Problem to work on: Pick every line out of the entries below that holds the string "наркотики", and report them.

Entries supplied:
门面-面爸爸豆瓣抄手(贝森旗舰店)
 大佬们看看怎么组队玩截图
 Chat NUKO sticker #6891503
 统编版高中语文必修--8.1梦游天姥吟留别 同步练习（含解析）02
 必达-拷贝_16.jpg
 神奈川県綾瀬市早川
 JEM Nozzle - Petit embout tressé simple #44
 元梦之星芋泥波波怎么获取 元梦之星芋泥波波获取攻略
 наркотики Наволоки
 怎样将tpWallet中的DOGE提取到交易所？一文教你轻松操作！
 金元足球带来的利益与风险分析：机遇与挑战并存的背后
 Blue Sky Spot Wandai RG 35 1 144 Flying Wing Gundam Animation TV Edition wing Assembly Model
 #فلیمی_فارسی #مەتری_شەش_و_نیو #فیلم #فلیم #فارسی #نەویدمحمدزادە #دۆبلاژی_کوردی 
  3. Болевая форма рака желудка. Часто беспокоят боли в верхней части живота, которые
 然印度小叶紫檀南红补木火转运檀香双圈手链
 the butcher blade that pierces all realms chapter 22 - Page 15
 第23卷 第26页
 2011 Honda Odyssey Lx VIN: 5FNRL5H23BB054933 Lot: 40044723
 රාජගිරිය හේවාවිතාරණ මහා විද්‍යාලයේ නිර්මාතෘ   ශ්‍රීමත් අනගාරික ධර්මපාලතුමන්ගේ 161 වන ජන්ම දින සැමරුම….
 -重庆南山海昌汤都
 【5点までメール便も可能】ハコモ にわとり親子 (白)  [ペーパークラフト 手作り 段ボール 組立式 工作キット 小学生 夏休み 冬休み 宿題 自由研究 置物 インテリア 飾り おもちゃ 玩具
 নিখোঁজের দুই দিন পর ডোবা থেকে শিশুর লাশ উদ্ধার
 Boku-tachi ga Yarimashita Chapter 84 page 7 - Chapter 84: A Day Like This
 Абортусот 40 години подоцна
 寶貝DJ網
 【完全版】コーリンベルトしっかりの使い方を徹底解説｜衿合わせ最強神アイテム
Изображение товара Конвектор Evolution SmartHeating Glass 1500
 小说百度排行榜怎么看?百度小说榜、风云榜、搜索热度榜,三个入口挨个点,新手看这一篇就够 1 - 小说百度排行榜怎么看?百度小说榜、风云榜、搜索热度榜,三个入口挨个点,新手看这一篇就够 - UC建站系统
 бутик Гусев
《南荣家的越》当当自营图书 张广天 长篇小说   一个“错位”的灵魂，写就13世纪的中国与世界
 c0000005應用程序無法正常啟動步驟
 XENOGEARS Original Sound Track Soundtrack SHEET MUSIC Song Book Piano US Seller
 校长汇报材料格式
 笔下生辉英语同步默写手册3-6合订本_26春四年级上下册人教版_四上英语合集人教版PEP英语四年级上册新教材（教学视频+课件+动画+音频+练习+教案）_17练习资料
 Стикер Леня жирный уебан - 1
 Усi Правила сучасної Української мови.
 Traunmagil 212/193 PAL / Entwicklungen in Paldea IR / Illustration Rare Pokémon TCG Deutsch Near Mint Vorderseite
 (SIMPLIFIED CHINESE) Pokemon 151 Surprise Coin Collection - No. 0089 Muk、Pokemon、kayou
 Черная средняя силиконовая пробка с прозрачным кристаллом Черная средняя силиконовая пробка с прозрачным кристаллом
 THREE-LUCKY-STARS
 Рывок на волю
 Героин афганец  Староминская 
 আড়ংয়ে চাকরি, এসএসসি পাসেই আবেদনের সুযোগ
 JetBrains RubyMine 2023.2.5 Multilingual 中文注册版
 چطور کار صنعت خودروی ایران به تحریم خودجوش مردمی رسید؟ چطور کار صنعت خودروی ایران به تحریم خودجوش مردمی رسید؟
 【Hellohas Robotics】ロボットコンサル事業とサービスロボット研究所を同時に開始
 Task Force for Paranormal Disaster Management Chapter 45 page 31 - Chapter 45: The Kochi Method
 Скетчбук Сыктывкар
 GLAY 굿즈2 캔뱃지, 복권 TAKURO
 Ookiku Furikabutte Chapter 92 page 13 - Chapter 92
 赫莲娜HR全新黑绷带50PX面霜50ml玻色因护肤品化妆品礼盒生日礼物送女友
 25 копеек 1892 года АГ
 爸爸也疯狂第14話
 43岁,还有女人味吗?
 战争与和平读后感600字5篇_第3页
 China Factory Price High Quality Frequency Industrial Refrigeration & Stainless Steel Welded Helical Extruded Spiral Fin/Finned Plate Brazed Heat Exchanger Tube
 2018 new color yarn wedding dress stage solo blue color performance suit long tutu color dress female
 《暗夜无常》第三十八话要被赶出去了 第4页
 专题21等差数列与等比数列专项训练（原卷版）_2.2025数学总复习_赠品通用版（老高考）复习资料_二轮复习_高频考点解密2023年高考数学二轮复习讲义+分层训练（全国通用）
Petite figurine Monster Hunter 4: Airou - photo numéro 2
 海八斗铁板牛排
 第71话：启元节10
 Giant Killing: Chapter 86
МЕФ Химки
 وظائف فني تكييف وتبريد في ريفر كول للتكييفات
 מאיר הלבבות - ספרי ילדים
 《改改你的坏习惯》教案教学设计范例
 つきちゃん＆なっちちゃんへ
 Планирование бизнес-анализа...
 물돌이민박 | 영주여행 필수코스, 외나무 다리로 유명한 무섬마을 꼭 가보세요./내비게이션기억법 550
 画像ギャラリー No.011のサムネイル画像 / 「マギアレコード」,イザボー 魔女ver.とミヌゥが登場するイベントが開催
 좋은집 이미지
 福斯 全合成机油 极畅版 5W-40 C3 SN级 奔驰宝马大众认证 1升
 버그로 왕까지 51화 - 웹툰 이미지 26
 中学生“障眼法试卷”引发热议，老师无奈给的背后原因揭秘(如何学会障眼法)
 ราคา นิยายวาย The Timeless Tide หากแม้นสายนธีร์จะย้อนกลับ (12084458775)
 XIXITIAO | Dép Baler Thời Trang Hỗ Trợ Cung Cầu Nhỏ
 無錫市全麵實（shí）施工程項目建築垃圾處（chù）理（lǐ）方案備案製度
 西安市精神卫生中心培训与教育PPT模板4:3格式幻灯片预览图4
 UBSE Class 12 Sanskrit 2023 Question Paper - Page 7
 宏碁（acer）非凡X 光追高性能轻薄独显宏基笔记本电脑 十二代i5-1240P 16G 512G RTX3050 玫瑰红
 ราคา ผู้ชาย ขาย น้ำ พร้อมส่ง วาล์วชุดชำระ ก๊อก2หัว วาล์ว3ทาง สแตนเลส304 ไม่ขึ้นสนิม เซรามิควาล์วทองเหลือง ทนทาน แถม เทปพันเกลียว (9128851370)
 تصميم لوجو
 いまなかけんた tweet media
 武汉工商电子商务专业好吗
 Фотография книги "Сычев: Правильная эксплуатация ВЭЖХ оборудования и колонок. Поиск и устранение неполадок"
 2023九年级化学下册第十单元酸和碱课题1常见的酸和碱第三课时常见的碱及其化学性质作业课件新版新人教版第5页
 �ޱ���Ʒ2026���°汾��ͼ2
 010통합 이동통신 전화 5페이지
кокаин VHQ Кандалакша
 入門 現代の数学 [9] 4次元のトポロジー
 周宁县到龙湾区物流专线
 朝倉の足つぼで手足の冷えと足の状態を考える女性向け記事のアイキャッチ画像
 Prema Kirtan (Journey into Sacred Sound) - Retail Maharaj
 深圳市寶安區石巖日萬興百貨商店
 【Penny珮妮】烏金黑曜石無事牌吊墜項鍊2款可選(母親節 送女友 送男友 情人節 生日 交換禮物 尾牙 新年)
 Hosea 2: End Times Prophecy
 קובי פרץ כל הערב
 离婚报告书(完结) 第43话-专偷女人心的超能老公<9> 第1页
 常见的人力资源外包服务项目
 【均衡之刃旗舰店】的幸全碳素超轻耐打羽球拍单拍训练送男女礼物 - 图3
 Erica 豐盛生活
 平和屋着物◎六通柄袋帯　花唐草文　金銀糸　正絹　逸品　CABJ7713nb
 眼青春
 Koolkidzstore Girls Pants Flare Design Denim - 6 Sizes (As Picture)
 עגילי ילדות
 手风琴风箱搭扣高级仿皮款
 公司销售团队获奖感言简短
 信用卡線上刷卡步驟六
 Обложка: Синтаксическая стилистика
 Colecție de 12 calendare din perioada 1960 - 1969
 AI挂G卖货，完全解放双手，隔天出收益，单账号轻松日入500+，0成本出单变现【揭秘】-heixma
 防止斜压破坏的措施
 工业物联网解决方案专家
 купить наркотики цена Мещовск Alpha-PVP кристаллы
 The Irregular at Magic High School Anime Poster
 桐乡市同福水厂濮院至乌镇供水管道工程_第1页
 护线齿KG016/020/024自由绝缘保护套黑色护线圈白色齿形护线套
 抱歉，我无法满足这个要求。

Result for this exercise:
 наркотики Наволоки
 купить наркотики цена Мещовск Alpha-PVP кристаллы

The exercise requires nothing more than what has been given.